>>

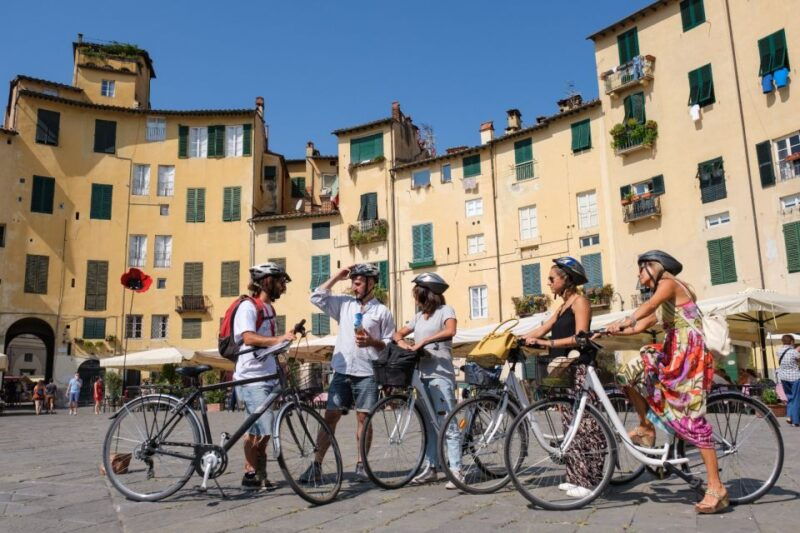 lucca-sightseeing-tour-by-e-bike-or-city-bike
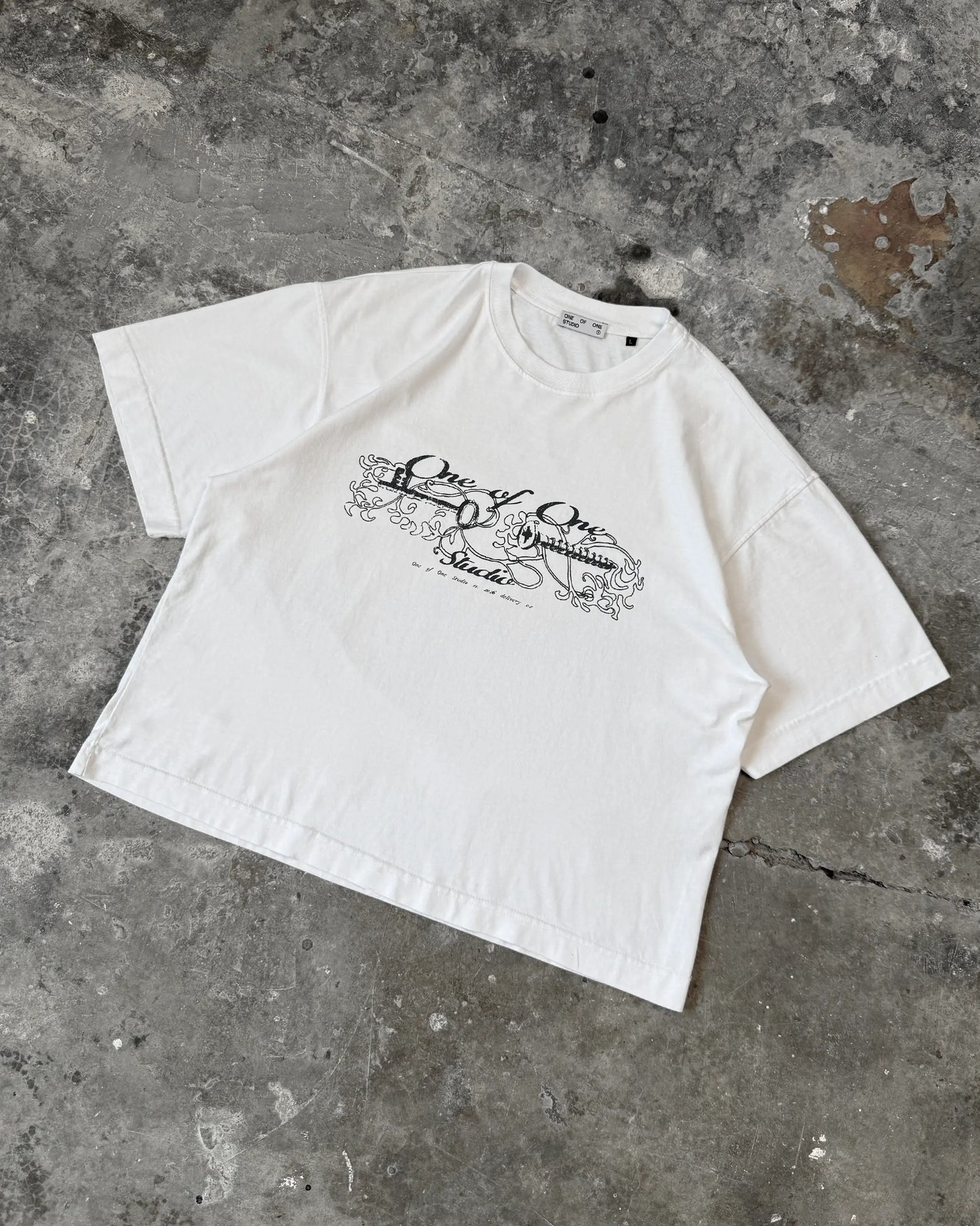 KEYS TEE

<<
>>

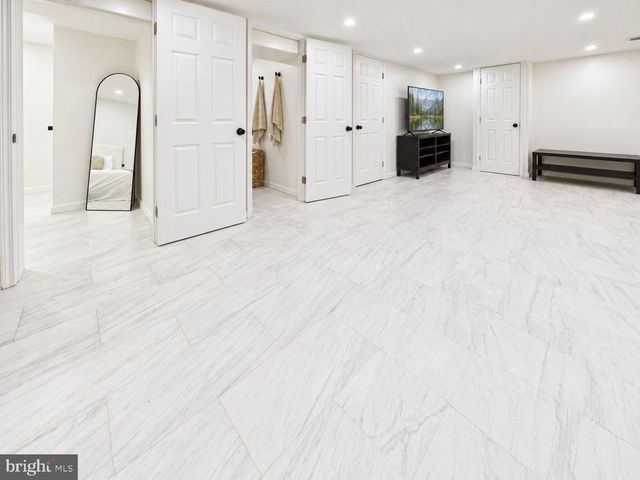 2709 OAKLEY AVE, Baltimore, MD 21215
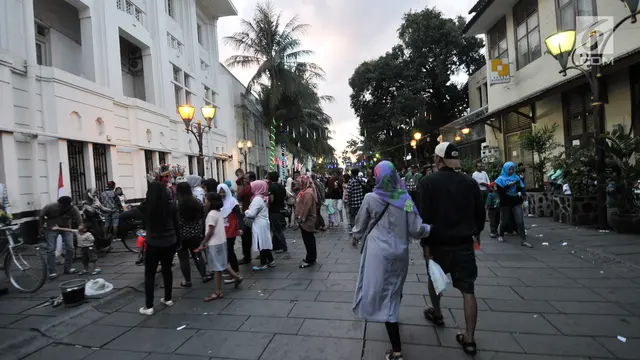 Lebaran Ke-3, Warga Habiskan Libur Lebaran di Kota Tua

<<

◆ WHAT NEEDS TO BE DONE: Using the data above, which lines fall from the one with "2709 OAKLEY AVE, Baltimore, MD 21215" through the one with "Lebaran Ke-3, Warga"? Repeat them exactly, ends included, minus any pictures.

◆ ANSWER BOX:
 2709 OAKLEY AVE, Baltimore, MD 21215
 Lebaran Ke-3, Warga Habiskan Libur Lebaran di Kota Tua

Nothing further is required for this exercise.